Wednesday 21 February 2018

Back On The Number Nine

I met a man on the Number Nine bus a couple of weeks back who still sticks with me.

When the encounter started I was waiting downtown for the northbound Nine to go home. It was really cold, as it tends to be in January. Very few people were outside like me, but there was this one fellow in a knit cap and ragged looking clothes with a heavy hockey bag who comes up to me and asks if the Nine has gone by. "No," I say to him. "I'm waiting for it too." The bus arrives a few minutes after that, and we pile on board.

The knit cap guy sits beside me, which I find a bit disconcerting. But there aren't many places on the bus where he can keep his bag away from people's feet, so it's understandable. Then he starts to talk to me and I really become concerned, because in my experience people who want to have a conversation with a stranger at 9:00 PM are usually drunk and those talks never go well. But no, this guy is sober. He talks in a normal way, without long pauses or repetition like drunk people usually do. But his voice is weak and he sounds sick.

Pretty soon he draws me in and I become worried for this stranger, instead of being worried by him. It seems he's going to the emergency ward at the Royal Alex Hospital (hence the bag with what must be a change of clothing and personal items), because he's suffering from carbon dioxide poisoning. Last night he was in some kind of shack, and burning kerosene to keep warm. But he didn't know that he was supposed to keep a hole open somewhere in the shack for ventilation. He had it all closed against the cold and overnight the carbon monoxide collected in the enclosed space, poisoning him. In the morning he was really sick and didn't know why, until a friend told him about carbon monoxide and said he should go to the hospital. But he had to wait until after work, which apparently meant nine o'clock at night.

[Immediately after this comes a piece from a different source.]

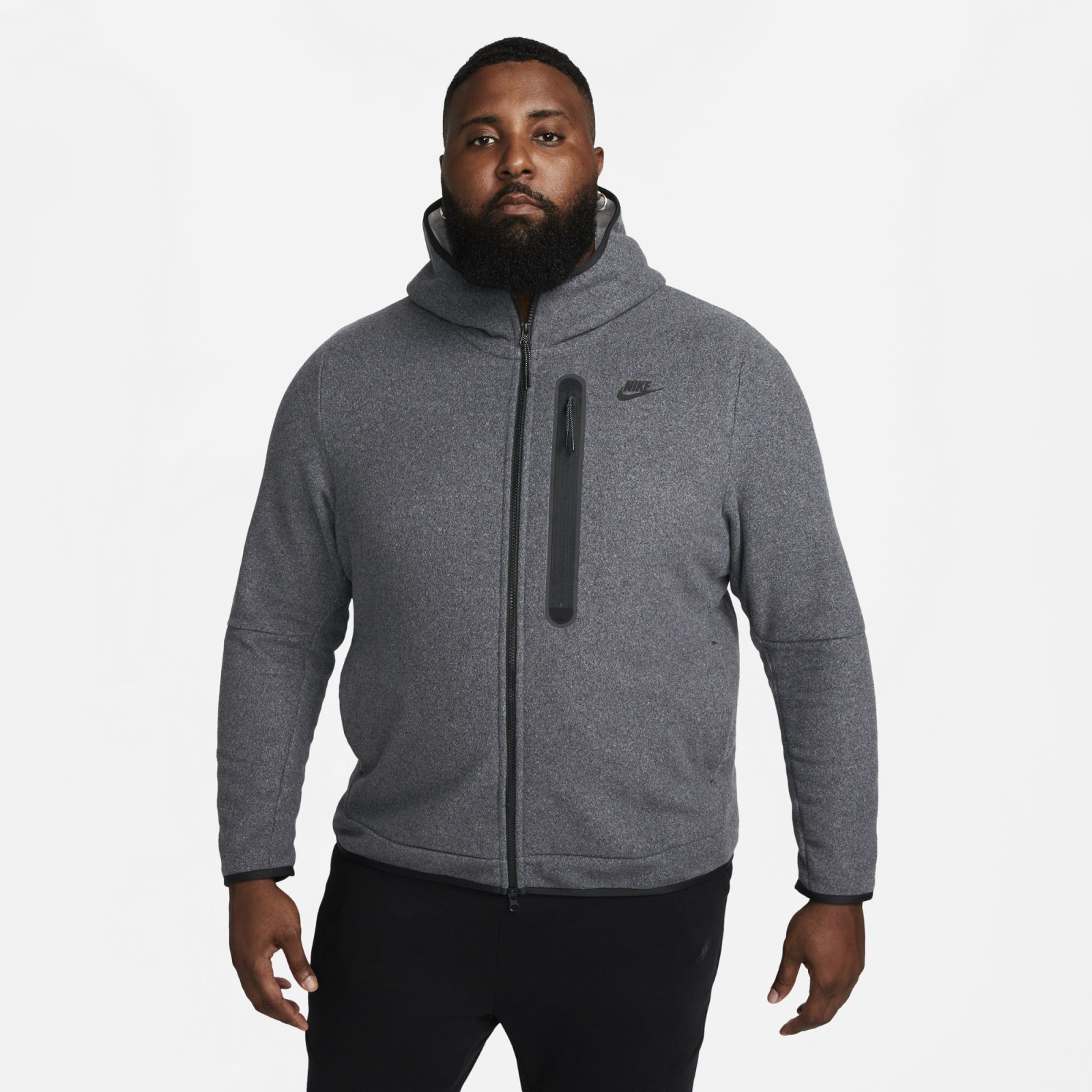 Nike Sportswear Tech Fleece XL.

We talked for a bit and he told me how he moved here from the East, and how it was so hard to get by in Edmonton. Apparently he'd fallen asleep more than once on the bus and had his cellphone stolen. (He clearly didn't have one now.) "People steal stuff in Edmonton," he said, in his tired, weak voice, and my heart kind of broke for him.

When we got to his stop, he got up and tried to leave the bus, but despite both him and me shouting for the driver to open the door, the driver didn't hear us and left without letting anyone out. But he let the man out at the next stop about a block and a half away. And so the knit cap guy said goodbye to me and I said "Good luck!" as he heaved his heavy bag out the door and onto the snow and ice of a cold January night, preparing to cross four lanes of busy traffic and walk five or six blocks to the Emergency Room for a condition that should have been treated almost twenty-four-hours earlier. I hope he's okay now.